Letters to the editor: 09-11-2013

September 11, 2013 

Syria

While your eyeballs are glued to the TV, while watching President Obama, Secretary of State John Kerry and various TV anchors deplore the fact that Assad of Syria is using chemical weapons on his own people, ask yourself: “Would I have known this is happening, if TV had not been invented some 70 years ago?”

Also ask yourself: “Where was the outrage when Iraq was using chemical weapons (such as mustard gas) on Iranians and Kurds during the Iran-Iraq war (1980-1988)?”
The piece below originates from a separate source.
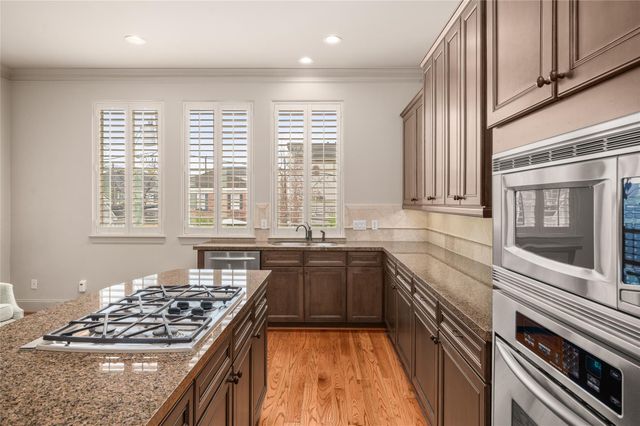 1650 Bonnie Brae Street, Houston, TX 77006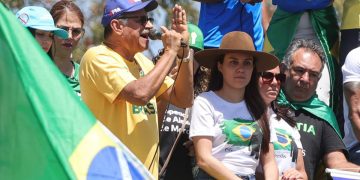 Sebastião Coelho elogia Tarcísio pós-ataque a Moraes: “Desceu do muro”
More than 50,000 soldier’s lives were wasted by getting involved in the Vietnam War— which we basically lost. Since then, we have wasted thousands more lives and billions of dollars during the Bosnian, Gulf, Iraq and Afghanistan wars. Isn’t it about time politicians faced up to the fact that America can no longer afford to use its credit card while acting like the world’s policeman?

Getting involved in what happens in a sovereign nation (Syria) will only result in more 9/11-type terrorist acts and does nothing for our national security.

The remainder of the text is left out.